● WHAT THIS TASK INVOLVES: This exercise requires an exact copy of each line from the one containing "Red Lips Vibrator" down to the last line below.

Collected data entries
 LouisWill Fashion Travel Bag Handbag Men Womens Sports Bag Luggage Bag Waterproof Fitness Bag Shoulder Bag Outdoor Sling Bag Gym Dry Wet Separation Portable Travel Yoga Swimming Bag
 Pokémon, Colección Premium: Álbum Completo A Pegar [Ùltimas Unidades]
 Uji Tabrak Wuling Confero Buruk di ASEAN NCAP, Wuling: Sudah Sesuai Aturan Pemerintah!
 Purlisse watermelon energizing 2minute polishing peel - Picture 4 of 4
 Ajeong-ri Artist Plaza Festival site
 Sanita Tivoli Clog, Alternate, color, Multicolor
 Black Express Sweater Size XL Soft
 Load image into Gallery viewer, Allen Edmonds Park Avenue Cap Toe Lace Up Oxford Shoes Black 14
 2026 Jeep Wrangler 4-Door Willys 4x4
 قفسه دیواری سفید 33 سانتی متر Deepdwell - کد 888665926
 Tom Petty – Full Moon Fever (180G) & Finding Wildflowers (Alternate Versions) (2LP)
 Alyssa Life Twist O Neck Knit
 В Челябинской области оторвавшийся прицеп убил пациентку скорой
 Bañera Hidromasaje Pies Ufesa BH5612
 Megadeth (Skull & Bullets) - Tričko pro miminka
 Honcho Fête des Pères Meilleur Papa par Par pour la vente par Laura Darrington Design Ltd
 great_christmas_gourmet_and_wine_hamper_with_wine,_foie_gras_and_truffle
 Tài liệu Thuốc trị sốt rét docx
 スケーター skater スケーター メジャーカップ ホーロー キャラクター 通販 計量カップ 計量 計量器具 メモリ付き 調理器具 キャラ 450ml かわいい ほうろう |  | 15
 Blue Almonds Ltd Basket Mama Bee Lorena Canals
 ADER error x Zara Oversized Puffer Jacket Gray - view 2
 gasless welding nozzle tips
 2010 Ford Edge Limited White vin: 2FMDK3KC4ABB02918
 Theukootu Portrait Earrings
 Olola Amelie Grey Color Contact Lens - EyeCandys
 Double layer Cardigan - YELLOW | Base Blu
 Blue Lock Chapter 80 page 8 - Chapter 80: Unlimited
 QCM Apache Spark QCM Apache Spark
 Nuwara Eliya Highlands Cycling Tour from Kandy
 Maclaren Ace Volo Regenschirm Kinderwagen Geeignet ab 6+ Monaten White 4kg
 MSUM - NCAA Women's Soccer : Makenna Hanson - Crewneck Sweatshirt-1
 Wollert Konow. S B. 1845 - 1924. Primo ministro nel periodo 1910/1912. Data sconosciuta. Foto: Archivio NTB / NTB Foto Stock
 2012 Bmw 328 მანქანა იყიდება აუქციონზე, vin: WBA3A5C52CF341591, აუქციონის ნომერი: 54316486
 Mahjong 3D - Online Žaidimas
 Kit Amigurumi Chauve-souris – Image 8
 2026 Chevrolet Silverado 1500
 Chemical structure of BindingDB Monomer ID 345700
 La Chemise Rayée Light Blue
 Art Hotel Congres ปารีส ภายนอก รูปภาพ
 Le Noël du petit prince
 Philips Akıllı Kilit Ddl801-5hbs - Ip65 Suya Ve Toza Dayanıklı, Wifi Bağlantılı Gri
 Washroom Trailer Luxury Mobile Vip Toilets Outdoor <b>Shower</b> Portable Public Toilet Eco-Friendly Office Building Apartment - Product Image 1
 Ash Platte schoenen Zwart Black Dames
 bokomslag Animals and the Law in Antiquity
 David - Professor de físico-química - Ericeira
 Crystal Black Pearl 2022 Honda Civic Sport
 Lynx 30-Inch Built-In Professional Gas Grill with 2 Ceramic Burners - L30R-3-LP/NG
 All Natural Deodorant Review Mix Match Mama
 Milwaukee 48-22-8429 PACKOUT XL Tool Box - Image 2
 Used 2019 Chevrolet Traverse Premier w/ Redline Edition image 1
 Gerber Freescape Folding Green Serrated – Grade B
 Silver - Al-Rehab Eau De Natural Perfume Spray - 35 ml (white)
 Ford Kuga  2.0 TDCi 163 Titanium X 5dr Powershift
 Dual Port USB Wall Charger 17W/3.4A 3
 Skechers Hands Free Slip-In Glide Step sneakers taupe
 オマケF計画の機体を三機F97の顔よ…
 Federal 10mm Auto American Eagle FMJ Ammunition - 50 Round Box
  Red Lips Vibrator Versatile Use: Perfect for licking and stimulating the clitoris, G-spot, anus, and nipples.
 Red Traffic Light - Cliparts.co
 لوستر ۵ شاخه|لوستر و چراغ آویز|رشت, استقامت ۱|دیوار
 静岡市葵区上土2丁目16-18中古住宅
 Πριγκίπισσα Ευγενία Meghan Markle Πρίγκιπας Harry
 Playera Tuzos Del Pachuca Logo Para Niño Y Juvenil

● EXERCISE RESULT:
  Red Lips Vibrator Versatile Use: Perfect for licking and stimulating the clitoris, G-spot, anus, and nipples.
 Red Traffic Light - Cliparts.co
 لوستر ۵ شاخه|لوستر و چراغ آویز|رشت, استقامت ۱|دیوار
 静岡市葵区上土2丁目16-18中古住宅
 Πριγκίπισσα Ευγενία Meghan Markle Πρίγκιπας Harry
 Playera Tuzos Del Pachuca Logo Para Niño Y Juvenil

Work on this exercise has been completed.